The Ethics of Ecological Restoration
Published online by Cambridge University Press: 26 June 2009
BIODIVERSITY AND ECOLOGICAL RESTORATION
Ecological restoration has been portrayed recently as a process capable of reversing the loss of natural biodiversity now occurring in many densely populated areas and intensively managed landscapes in Europe (Throop 1997; Hobbs and Norton 1996). Species restoration schemes operate throughout Europe and in parts of North America as well. For example, they have involved the lynx in Poland, and the wolf and the moose in New York State. Human subsistence activities, such as hunting and agriculture, have resulted in losses of wildlife species. Natural environments have been intensively utilized for many centuries, especially in Western Europe and parts of North America; and a high level of productivity characterizes these domesticated environments (Nash 1989). As a result of these efforts to transform the natural environment into a highly efficient growth medium, variation is lacking and natural biodiversity has declined.

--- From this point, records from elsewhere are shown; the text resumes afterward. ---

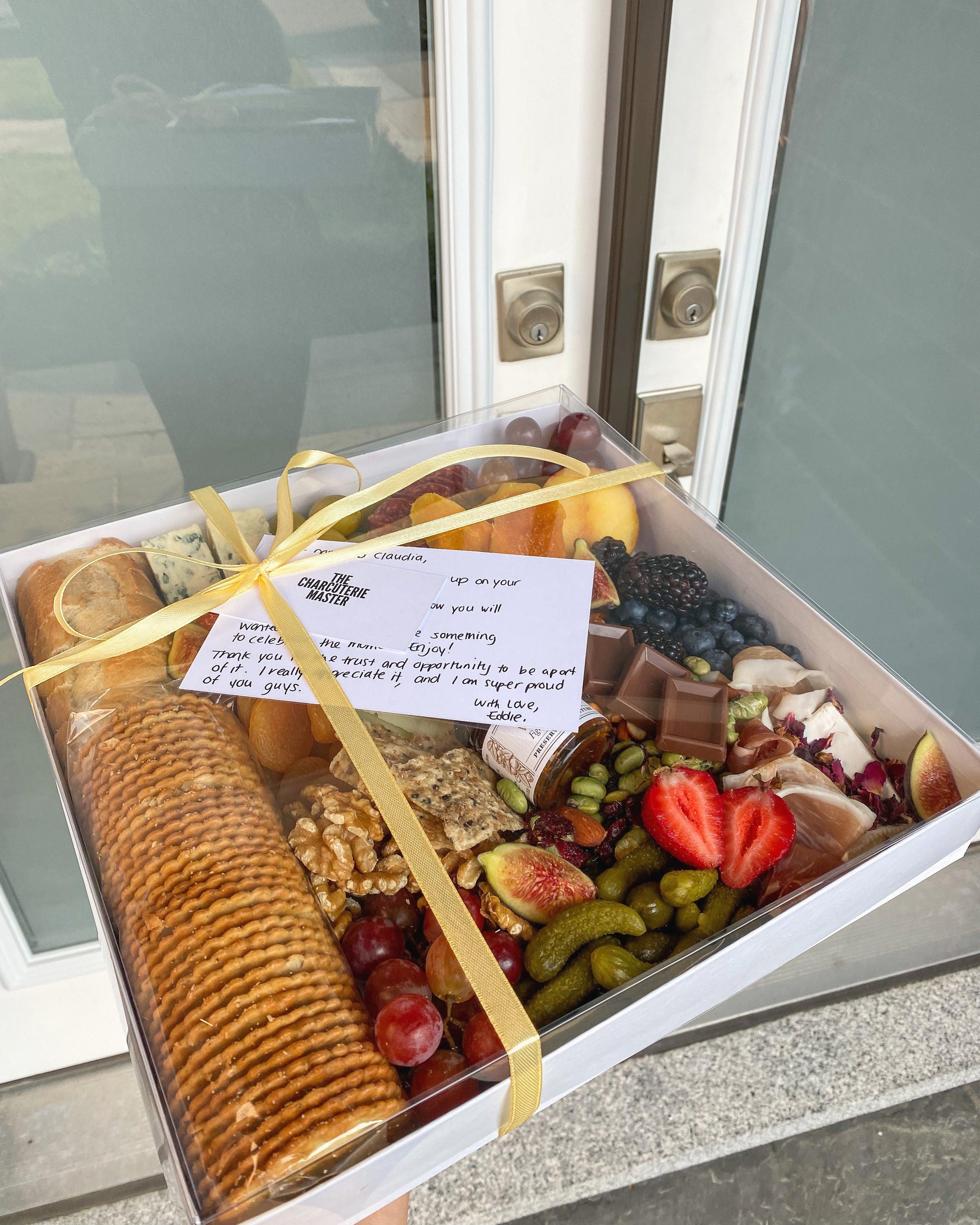 A large premium charcuterie box delivered to a doorstep with a handwritten note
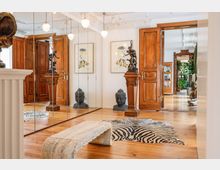 Eingangsbereich eines eleganten Innenraums mit Parkettboden, großen Holz-Doppeltüren und Spiegelwänden. Dekorative Elemente wie eine Buddha-Büste, eine Skulptur auf einem Podest, ein Zebra-Teppich und ein heller Steinhocker verleihen dem Raum eine kunstvolle Atmosphäre.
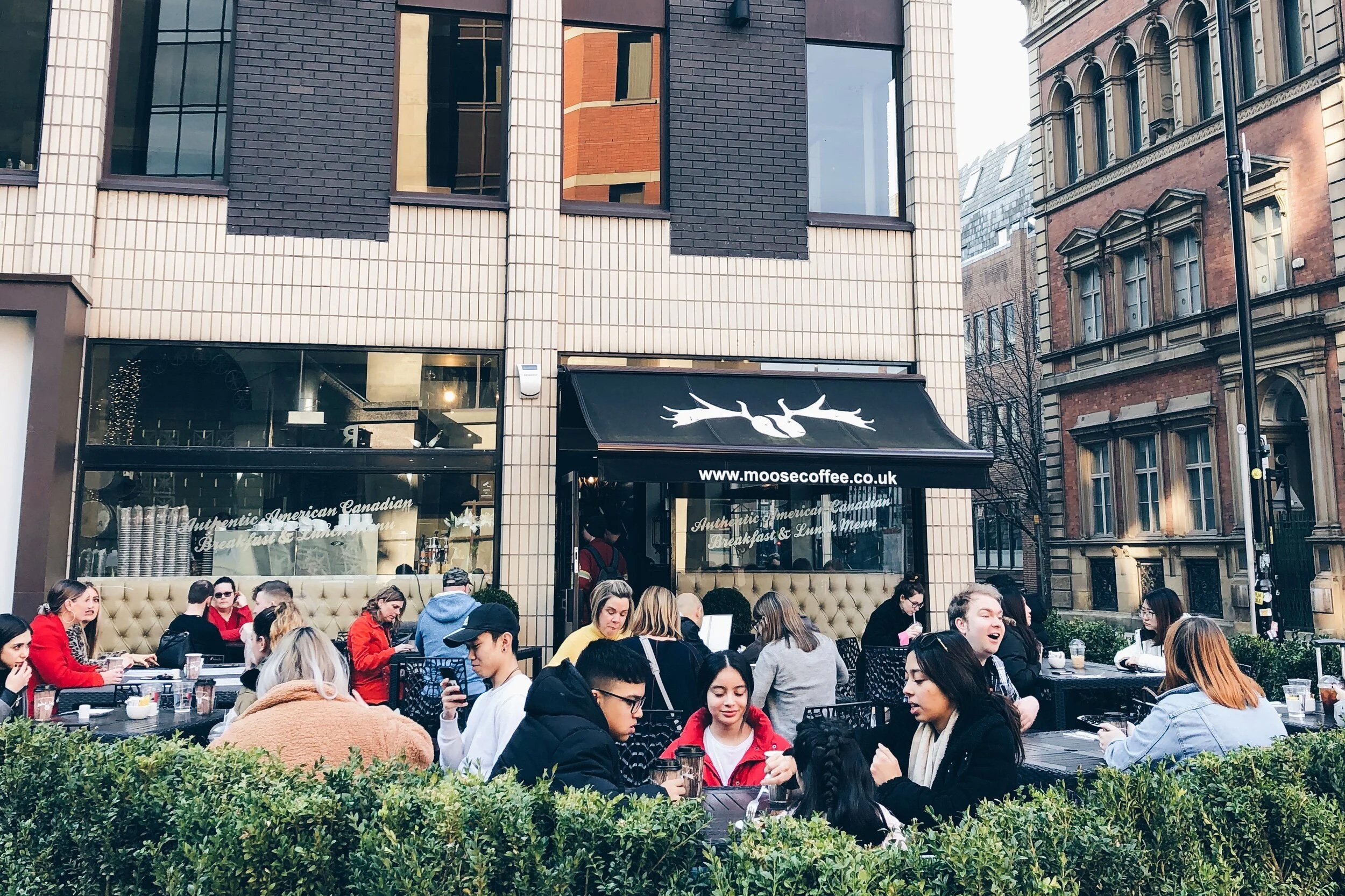 Outdoor café scene with many people seated at tables, some are talking, some are looking at their phones. The café has a black awning with a white moose logo and the website www.moosecoffee.co.uk. The background shows multi-story buildings with large windows and a modern black and white facade.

Species have died out regionally, and their opportunities to return to former haunts have been seriously limited by intensive management of the natural environment (Thomas 1992). Moreover, artifacts such as roads, towns, and bridges, as well as the straightening of rivers, block the paths of migrating wildlife. New policies on the conservation of wildlife, and on the general management and protection of the natural environment, are pursued in many affluent industrialized countries. These aim to recreate and maintain the dynamics and variation of natural ecosystems (Kane 1994; OECD 1999). This presents new opportunities for the conservation discipline (Pickett and Parker 1994).